I was always hesitant to teach her anything that would label her for fear of other people’s reactions to that label.  I’ve also told her that what I believe is MY business and not for her friends knowledge, and that if she needed a label that, for now, she should use the term Unitarian as they accept all positive belief systems.  I explained also that terms like Witch and Pagan make people nervous or even afraid because they don’t know what they really mean (or they believe they are simply wrong).

So apparantly my daughter’s friend, told her parents “what we are” or what my daughter “is”, and they promptly told her it was all made up nonsense.  Not her story … OUR BELIEFS.  So my daughter’s friend promptly told my daughter this.

Nothing was said directly to me so there’s little I can do about it.  The parent’s aren’t discouraging the friendship, to my knowledge, or anything.  But just thinking about it and I fume a little bit.

I’m angry at being part of such a judgemental society.

I’m angry that there hasn’t been enough positive exposure for Wicca and Paganism to be considered as a valid belief system.  Our own president has proclaimed it “nonvalid“.  (Just look at the battle to get the VA to accept the pentacle as a religious symbol)

But mainly, I’m angry at myself for not sticking to my guns and just raising my daughters as Wiccan.

Years ago we had a “baby blessing” for my eldest daughter.  She was 11 months old.  We had a party at a hall and brought in a Unitarian minister to perform the rite (which I wrote with the help of various Pagan texts).  Lady Rose and her hubby were godparents.  I thought it was lovely!  Members of my family who didn’t diss us entirely by NOT COMING had already dismissed it as “weird witchy shit” and were blind to any beauty in it.  When we had a second child, I didn’t bother.

That moment — of having something meaningful and beautiful to me written off as silly and stupid and wrong — killed something inside me.  If I think back, that’s the moment when I ran screaming back into the broom closet, turned off the light, and hid all the way in the back behind old boxes.

When I was in college a fundamentalist Christian group put up posters for a lecture “New Age vs/ New Life” where they intended to denouce the entire “new age movement”.  I had been dealing for a couple of months with religious tracks slipped under my dorm room door (placed on my chair in classes too), and various bits of nastiness written on the wipe off board on my door and so as the lecture was held in my dormitory I went, along with a couple of friends, hoping to help balance what we expected to be propaganda instead of truth about our beliefs.  For the record they didn’t get together to talk about holding fast to strong Christian morals in the face of temptation, they simply blasted the entire New Age/Neopagan movement as being the work of Satan.
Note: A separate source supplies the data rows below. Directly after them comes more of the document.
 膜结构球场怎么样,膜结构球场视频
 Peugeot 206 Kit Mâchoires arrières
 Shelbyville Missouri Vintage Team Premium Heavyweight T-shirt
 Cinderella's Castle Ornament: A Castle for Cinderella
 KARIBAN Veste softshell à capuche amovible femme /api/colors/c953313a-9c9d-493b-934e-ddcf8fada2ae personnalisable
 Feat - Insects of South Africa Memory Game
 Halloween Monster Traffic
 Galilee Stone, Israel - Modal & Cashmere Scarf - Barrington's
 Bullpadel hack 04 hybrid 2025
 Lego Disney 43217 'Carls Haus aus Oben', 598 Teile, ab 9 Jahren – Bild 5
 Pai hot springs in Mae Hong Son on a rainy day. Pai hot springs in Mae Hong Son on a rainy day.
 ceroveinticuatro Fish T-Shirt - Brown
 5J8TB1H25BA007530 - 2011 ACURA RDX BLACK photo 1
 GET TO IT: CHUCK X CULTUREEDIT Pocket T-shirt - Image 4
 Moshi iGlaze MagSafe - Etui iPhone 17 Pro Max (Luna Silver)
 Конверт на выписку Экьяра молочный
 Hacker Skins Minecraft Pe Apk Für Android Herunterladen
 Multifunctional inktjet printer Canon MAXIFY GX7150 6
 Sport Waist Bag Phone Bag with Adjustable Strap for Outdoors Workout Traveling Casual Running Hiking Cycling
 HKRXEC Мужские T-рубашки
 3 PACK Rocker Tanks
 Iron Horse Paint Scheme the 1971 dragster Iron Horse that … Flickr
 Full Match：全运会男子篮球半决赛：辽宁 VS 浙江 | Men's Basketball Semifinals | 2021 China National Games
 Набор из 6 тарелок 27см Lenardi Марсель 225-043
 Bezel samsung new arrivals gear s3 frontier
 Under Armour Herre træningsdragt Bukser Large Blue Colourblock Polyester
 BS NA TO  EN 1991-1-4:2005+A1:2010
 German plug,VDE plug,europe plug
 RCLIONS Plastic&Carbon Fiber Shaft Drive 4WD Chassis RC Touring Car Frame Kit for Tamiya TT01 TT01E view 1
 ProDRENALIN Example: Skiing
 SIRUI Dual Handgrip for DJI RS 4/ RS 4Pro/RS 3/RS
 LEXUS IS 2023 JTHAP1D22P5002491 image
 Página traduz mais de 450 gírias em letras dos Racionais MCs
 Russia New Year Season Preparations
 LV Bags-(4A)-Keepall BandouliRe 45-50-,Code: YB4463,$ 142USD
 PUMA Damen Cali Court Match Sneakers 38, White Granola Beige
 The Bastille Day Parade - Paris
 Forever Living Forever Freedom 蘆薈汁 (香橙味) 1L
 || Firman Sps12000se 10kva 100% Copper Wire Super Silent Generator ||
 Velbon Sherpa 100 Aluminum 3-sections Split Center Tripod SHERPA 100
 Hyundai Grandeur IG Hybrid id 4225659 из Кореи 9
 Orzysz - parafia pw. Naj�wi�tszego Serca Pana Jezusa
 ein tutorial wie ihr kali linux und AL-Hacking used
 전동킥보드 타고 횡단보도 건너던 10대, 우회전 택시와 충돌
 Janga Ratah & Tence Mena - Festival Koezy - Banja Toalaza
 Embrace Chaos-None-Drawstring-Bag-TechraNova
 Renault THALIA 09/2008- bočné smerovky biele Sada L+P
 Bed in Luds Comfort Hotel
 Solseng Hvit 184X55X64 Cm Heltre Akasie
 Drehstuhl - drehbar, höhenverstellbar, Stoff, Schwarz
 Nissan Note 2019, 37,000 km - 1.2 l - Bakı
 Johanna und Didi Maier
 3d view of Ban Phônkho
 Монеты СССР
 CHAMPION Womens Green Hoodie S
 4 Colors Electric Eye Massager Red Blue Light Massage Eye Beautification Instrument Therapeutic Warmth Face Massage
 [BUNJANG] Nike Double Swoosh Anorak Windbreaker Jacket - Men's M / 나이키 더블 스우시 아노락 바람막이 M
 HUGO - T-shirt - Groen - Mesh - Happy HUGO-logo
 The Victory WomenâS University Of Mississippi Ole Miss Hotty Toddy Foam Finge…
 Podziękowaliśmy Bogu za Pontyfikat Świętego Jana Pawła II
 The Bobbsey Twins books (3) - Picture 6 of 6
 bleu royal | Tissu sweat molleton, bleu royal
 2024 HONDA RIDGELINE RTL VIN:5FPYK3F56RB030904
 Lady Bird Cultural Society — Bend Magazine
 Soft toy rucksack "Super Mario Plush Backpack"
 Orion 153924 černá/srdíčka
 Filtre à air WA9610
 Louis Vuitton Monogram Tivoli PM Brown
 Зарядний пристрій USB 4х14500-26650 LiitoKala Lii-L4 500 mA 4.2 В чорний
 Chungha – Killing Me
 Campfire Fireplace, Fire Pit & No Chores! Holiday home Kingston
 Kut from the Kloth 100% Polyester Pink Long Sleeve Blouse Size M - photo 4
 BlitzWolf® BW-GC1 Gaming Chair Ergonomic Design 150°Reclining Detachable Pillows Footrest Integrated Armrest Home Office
A couple of years after I attended a Renaissance Festival (Ren Faire) where a group of fundamentalist Christians attended with a lifesized cross in tow to “protest the presence of Pagans and of live steel” (edged weapons). They carried that cross in 3 circuits around the festival and then picked a spot to set up and “save people”.  It was a new faire and since they paid admission the organizers had no idea how to tell them that yes they could come in but the cross had to stay at home.

In both cases I was polite but I made my opinions known.  If someone wanted to confront me and my beliefs I didn’t back down.  Somewhere along the way I lost that person.

Maybe it was not having a coven anymore to recharge my batteries and spirit with.  Maybe it was feeling so much like a “Witch alone” as my husband wasn’t (and while much more open still isn’t) a practitioner.  Maybe it was fear of abandonment, which as an adopted person I seem to have in spades, and worry that my family could turn their back on me and on my child.

So here I sit fuming in a broom closet with coat hangers on my head.  And because I turned out the light I can’t find the door to get out. 

Anybody have a candle?

Blessings

Mama Kelly

Aug
24th

Witch Renewed And Rediscovery

This past weekend Mama Kelly and I had an awesome visit, and as usual we discussed where we are along the our individual path. We both felt we had reached a point in our lives where it felt “right” to begin again, to re-explore and re-learn and refresh our spiritual interests.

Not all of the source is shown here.